Allergische Reaktionen

Allergische Reaktionen auf Lebensmittel manifestieren sich auf verschiedene Weise. Zu den Symptomen können juckende, trockene Haut und übermäßiges Kratzen oder Lecken gehören, die zu "Hot Spots" - selbst zugefügten Traumata - und möglicherweise zu Haut- und Ohreninfektionen führen. Intern können Erbrechen und Durchfall auftreten, was zu Dehydration führen kann. Nahrungsmittelallergien können in jungen Jahren auftreten oder sich im Laufe der Zeit als Immunantwort entwickeln.

Allergie verursachende Lebensmittel

Wenn es um Proteinquellen geht, sind Rindfleisch, Milchprodukte, Weizenproteine, Hühner-, Eier- und Sojaprodukte die häufigsten Allergene. Dies scheint eine umfangreiche Liste gängiger Inhaltsstoffe zu sein, aber Tiereltern sollten nicht entmutigt werden, da es viele andere Proteinquellen und hypoallergene Diäten gibt, sobald das oder die beleidigenden Allergene oder Allergene bestimmt wurden.

Am wenigsten verbreitete Allergene

Weniger verbreitete kommerzielle Proteinquellen wie Lamm, Wild, Kaninchen und Fisch finden sich häufig in hypoallergenen und allergenarmen Diäten.
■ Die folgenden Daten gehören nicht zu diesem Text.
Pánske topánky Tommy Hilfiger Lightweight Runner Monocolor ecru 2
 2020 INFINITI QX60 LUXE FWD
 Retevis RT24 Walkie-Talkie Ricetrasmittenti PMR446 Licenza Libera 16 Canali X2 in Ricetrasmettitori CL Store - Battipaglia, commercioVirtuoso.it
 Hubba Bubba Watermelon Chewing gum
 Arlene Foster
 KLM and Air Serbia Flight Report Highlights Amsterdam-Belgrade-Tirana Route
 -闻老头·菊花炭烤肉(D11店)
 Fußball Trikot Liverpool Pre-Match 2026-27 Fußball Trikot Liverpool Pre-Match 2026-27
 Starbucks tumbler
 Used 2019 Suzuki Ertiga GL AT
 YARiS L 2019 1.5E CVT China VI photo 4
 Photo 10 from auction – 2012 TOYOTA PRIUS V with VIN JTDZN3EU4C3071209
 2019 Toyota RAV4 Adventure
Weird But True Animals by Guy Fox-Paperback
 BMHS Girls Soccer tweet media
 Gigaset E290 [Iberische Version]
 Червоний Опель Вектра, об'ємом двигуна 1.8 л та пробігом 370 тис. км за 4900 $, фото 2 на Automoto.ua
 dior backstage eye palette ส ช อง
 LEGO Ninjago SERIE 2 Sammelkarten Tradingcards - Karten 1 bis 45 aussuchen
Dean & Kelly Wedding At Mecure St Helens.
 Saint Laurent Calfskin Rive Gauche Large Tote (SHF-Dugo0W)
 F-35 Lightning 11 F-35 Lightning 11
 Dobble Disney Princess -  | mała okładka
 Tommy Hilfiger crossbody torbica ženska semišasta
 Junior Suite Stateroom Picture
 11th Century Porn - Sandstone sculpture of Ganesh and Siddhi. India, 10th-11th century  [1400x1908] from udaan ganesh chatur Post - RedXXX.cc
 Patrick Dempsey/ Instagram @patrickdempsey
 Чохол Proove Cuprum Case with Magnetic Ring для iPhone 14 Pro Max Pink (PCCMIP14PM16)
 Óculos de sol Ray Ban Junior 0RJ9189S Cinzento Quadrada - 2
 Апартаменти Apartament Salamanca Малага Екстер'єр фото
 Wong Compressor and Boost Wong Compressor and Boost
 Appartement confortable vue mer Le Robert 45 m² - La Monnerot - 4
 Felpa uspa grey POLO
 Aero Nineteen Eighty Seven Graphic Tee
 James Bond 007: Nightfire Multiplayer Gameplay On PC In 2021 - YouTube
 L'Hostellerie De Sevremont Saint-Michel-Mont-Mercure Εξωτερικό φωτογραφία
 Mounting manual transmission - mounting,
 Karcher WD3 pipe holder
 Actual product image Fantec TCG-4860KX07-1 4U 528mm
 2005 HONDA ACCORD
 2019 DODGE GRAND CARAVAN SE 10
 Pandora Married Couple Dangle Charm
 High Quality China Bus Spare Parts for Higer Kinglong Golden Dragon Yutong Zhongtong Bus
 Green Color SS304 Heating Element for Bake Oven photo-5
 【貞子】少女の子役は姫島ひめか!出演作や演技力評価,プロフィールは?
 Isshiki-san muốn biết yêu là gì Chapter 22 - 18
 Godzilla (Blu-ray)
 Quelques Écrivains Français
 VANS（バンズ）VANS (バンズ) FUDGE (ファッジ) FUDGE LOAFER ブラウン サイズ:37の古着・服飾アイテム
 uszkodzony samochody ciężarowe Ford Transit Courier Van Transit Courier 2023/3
Hunde mit Allergien gegen das häufigere Huhn und Rindfleisch können mit diesen alternativen Proteinquellen gut umgehen. Es sollte jedoch beachtet werden, dass sich Allergien gegen jedes Lebensmittel entwickeln können. Daher ist es wichtig, die Symptome auch bei Verwendung neuartiger Proteine ​​zu überwachen.

Der Eliminierungsprozess

Um festzustellen, gegen was Ihr Welpe allergisch ist, führt ein Tierarzt eine 12-wöchige Eliminierungsstudie durch, bei der das aktuelle Futter durch eine strikte hypoallergene Diät ersetzt wird, bei der Leckereien oder Essensreste ausgeschlossen sind. Am Ende dieses Zeitraums von 12 Wochen wird der Tierarzt das vorherige Futter für einen kurzen Zeitraum wieder einführen, um festzustellen, welche Proteinquelle die Allergie verursacht. Zu diesem Zeitpunkt hilft Ihnen Ihr Tierarzt bei der Festlegung einer geeigneten, allergenarmen Erhaltungsdiät.

Verweise


Schau das Video: Geeignete Tiere für Allergiker (August 2022).